La sous-préfecture qui se dresse fièrement à la croisée de deux voies, fut le bureau du commandant de Cercle à l’époque coloniale. A l’intérieur de ce bâtiment R+1, on aperçoit les marques de l’ancienneté malgré les aménagements qui ont été faits. Non loin de là, le bâtiment de la CFAO (Compagnie française de l’Afrique occidentale) qui était le comptoir des colons.
En plus de ces maisons, il y a une école centenaire. La toute première de la ville, l’actuel Ecole primaire publique (EPP) Plateau I, où les colons ont formé des premiers cadres de la Côte d’Ivoire comme Ernest Boka, le premier ministre de l’Education nationale. D’éminentes personnalités du pays ont aussi fréquenté dans cette école telles que l’ex-président de la République, Laurent Gbagbo, l’ex-ministre Emile Constant Bombet, l’actuel président de l’Assemblée nationale, Adama Bictogo et plusieurs cadres d’Agboville comme Niangoran Eyemon, Affoumou Yapo.

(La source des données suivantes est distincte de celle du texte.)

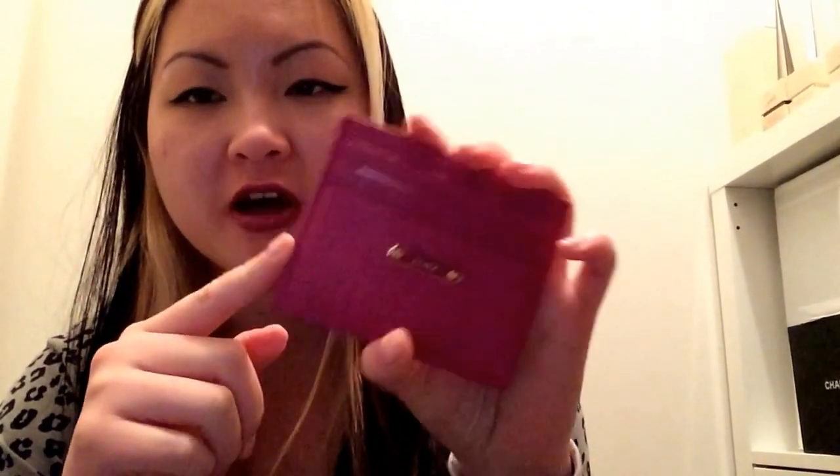Next one here — I'm actually going to pull out my cards just for safety reasons. This here is my card case, a slot card case from Fendi. A lot of people have asked me why I opted for Fendi and not a Chanel version. The simple reason is the number of card slots — it has three in the front, three in the back, and then one up top.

Construite en 1922, cette école a ouvert ses portes en 1923. Sa toiture en tuile a été changée mais son apparence rime avec vétusté et ruine où 160 élèves occupent les anciennes places de ces personnalités. Des anciens élèves dont certains viennent de l’Europe, ne manquent de venir se recueillir dans leur école.
Une fierté pour des usagers de ces bâtisses coloniales
« L’histoire fait d’Agboville une ville prospère. Pour moi, c’est une fierté d’entendre parler de ces maisons et de les voir. Elles nous donnent de la mémoire et nous disent que nous sommes toujours avec les blancs. Agboville est une ville historique. Le peuple Abbey est dans l’histoire », relève N’cho Achille, originaire du département.

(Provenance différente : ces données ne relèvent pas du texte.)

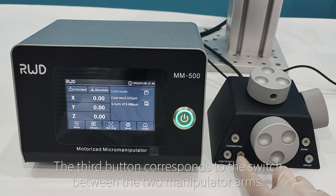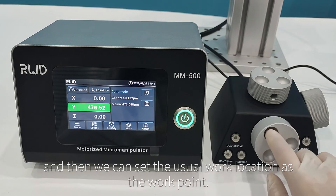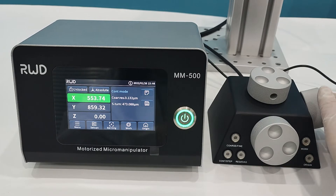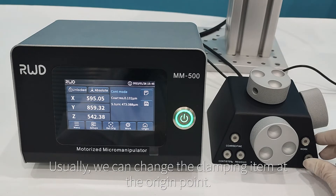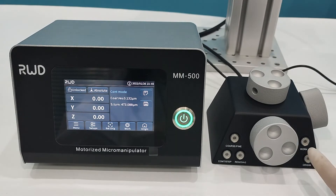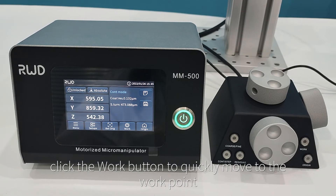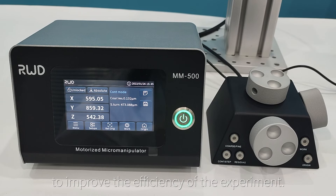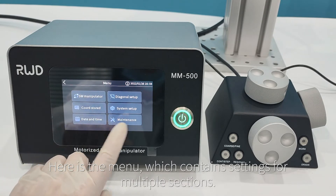The third button switches between two manipulator arms; button light off means arm one mode. We can set a certain location as the origin point and set the usual work location as the work point. Typically, we change the clamping item at the origin point. After replacing items, click the work button to quickly move to the work point, improving experiment efficiency. The menu contains settings for multiple sections.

Comme lui, des fonctionnaires ne cachent pas leur joie de travailler dans un bâtiment colonial. Directeur de l’EPP Plateau I depuis 2020, Tano Aka Emmanuel chérissait cette envie d’exercer dans cet établissement « prestigieux » de par la qualité des personnalités qu’elle a formé.
« Ça été une grande joie pour moi lorsque j’ai reçu la nouvelle de ma mutation ici parce j’avais appris que l’ex-président, Laurent Gbagbo avait fréquenté dans cette école et qu’il y était venu quand il était président. J’avais envie de diriger cette école un jour. Je suis vraiment heureux d’être ici », révèle M. Tano, admirant l’un des vieux bâtiments.
Pour Edé Ablé, un leader de jeunesse, ces maisons coloniales donnent de la nostalgie, rappellent la traite négrière et la souffrance endurée par ses aïeuls. Par contre, il se réjouit des fruits de cette colonisation tel que l’éducation qui est la base de tout développement.